Underground service location and utilities detection reveals the location and depth of underground services in a safe, non-destructive manner to increase the safety of site investigations and efficiency of design.

Discovering the location of underground services and utilities

At Woods, we have a suite of leading-edge technologies available for our service locators to use when detecting and identifying underground services: 

  • Electromagnetic Induction (EMI)

EMI detects electromagnetic frequencies to identify the location of power lines and communication lines (a.k.a. “Passive locating”).

We can induce a current through conductive services (e.g. copper water pipes and communication lines) or on tracer cables attached to services and detect the resulting signal (a.k.a. “Active locating”)

Another form of active locating is using a Sonde. A sonde is a long cable which can be fed through services such as storm and waste water pipes and conduits. We then apply an EMI signal to the sonde which we can trace, revealing the location and depth of the target service.

  • Ground Penetrating Radar (GPR)

GPR technology uses radio frequencies to scan underground and detect anything out of the ordinary in the ground material which sticks out as a potential service.

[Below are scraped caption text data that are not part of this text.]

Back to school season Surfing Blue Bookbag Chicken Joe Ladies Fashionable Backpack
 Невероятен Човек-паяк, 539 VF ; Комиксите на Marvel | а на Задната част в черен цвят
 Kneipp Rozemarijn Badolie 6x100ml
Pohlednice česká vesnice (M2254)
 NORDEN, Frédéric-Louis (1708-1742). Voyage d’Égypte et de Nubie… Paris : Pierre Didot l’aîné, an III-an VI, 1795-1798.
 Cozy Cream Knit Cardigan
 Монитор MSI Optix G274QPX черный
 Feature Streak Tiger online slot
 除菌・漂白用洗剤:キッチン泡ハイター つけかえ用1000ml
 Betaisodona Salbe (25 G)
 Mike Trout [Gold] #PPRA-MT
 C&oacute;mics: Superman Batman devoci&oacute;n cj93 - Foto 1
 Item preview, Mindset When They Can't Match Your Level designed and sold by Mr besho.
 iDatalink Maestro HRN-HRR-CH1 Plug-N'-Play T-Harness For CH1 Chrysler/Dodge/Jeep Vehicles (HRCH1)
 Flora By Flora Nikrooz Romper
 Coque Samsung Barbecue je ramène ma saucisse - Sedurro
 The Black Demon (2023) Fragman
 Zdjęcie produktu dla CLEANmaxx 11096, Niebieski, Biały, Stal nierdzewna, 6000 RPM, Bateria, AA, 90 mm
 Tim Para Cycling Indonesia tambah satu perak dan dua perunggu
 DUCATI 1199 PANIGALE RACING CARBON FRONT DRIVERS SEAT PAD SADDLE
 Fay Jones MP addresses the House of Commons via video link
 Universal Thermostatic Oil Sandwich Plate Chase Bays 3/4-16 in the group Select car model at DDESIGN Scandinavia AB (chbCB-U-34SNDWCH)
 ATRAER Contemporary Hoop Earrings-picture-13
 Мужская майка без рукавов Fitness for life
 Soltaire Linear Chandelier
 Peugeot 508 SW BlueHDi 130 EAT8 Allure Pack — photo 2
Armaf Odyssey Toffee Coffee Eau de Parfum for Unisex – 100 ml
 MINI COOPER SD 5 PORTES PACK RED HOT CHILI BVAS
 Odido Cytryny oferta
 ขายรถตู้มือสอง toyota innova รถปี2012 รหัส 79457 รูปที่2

We combine these technologies to logically work through the service plans and client data and locate or correct the location of underground services throughout the site.

Our team also complete a walk-through of the site beforehand looking for anything which could be a clue as to the location of where services meet up underground such as valve lids, fire hydrant lids, communication box lids.

The location of any utilities and services are marked using a safe, eco-friendly temporary spot marking paint (Soppec). We also have semi-permanent options for where markings are needed for longer than 2-8 weeks.

The benefits of underground service location and utilities detection

Health and Safety

The main benefit of underground service location is safety. Clearing the area of services before commencing geotechnical investigations or construction protects the health and safety of employees, contractors, and the community.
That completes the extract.